A summary of the differences between HYOD and BYOD is presented in Table 1, and detailed information can be found in the work of Singh [6].

Table 1: Differences between HYOD and BYOD.
2.2. Risks and Concerns

Despite the fact that both companies and their employees can benefit from various aspects of BYOD, there are also risks and concerns accompanying the adoption of BYOD.

Often, the use of BYOD results in conflicts between usability and security [5, 7]. Typically, users tend to value usability over security, because they simply want to do their jobs effectively without worrying about cumbersome security measures. Hence, while the use of BYOD can result in higher employee satisfaction, it can also increase certain security risks and concerns, such as the following aspects.

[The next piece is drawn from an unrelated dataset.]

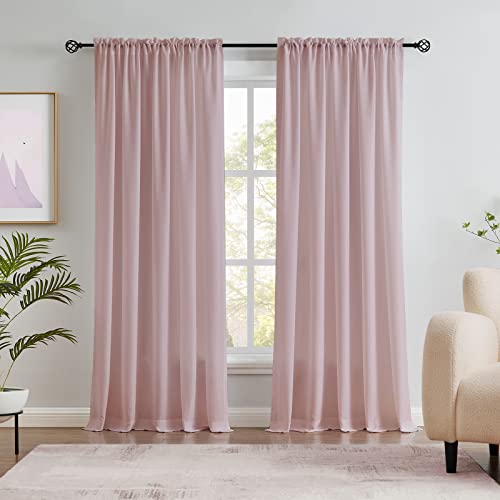 Melodieux Halbtransparente Vorhänge in Altrosa, 213 cm lang, für Schlafzimmer, Wohnzimmer, natürliche Baumwolle, Textur, Stangentasche, Fenster, 132 x 213 cm (2 Stoffbahnen) von Melodieux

(i) Network Access Controls. Mobile devices that can remotely connect to corporate networks from anywhere at anytime can place the corporate network and corresponding data at risk. Without proper protection, adversaries may be able to intercept corporate information or even impersonate legitimate employees and illegally gain access to networks and services.

(ii) Vulnerabilities and Exploitation. Devices that are centrally managed by an organization are generally better protected as their security profiles must meet stricter standards. This means these devices are in a more controlled environment and not as susceptible to exploitation. On the other hand, devices owned by individual employees may or may not comply with regulations and standards, hence leading to uncontrollable vulnerabilities. When vulnerable devices connect to a corporate network, they present new exploitable security holes concerning the whole network.

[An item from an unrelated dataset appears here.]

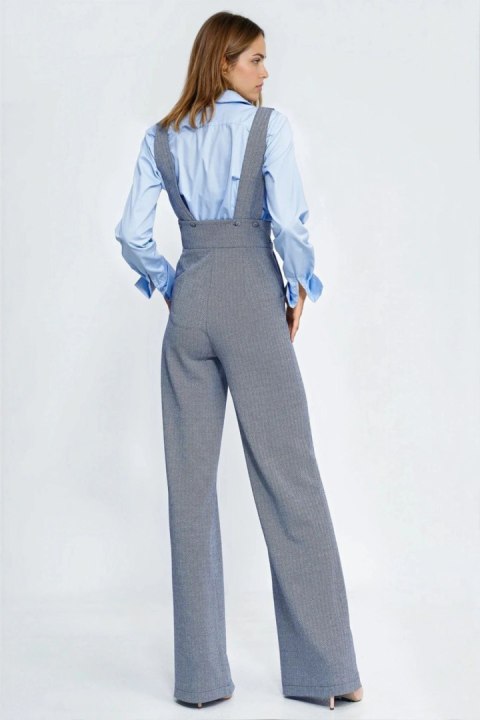 Kombinezon na szelkach w granatową jodełkę KM44 Navy - Nife - 36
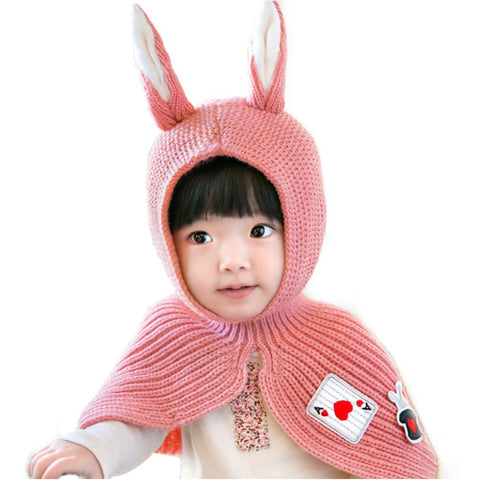 Lovely Baby Winter Conjoined Shawl Warm Cap Knitted Rabbit Ears Hat Unique Woolen Baby Hat Pink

(iii) Corporate Applications. Companies may offer certain applications and services for which they wish to allow access only to employees with sufficient privileges and appropriate roles. Traditional measures of who can access such resources may not be sufficient. Companies may need to consider, for instance, which devices can access these resources where and when.

(iv) Device Policies. The security posture of organizational owned devices is more straightforward to design and implement using a security guideline or template. Devices that are employee-owned and are not managed centrally by the organization may not meet the security standards required and thus place organizational data at risk.

(v) Data Protection. In BYOD scenarios, company data such as corporate emails, classified documents, and project photos can be stored together with users’ private data. Protection measures regarding data leakage in the event of lost or stolen devices must be in place to protect corporate data. Storage encryption and remote data wiping should be considered as a line of defense in order to prevent data from falling into the wrong hands.

In 2014, the well-known security company Symantec conducted an experiment to investigate what would happen to lost mobile devices in the real world, by intentionally “losing” devices incites with high traffic. This project was called the “Honey Stick Project” [8]. In the experiment, Symantec loaded mobile phones with dummy information, including bank accounts, HR salaries, personal photos, and other documents, and installed tracking software to monitor what would happen after the phones were found. The phones were left without security protection, such as screen locks, so that their finders could do virtually anything they wanted with the phones. The phones were dropped in six Canadian cities: Vancouver, Calgary, Toronto, Ottawa, Montreal, and Halifax. The major findings of the investigation were as follows:(i)93% of people accessed the phones.(ii)63% of people viewed corporate emails.(iii)83% of people viewed personal data.(iv)50% of people viewed private photos.(v)55% of people tried to return the phones.

Apparently, in the absence of proper protection measures, once mobile devices are lost, it is very likely that information on those phones will be exposed, which could result in serious data leakages.

2.3. Location-Based Service

Advances in location detecting technology for mobile devices have accelerated the development of and demand for location-based services (LBS) [9, 10]. LBS are services that leverage a user’s geographical location in order to deliver personalized information. In order to better understand LBS, let us consider the following scenarios.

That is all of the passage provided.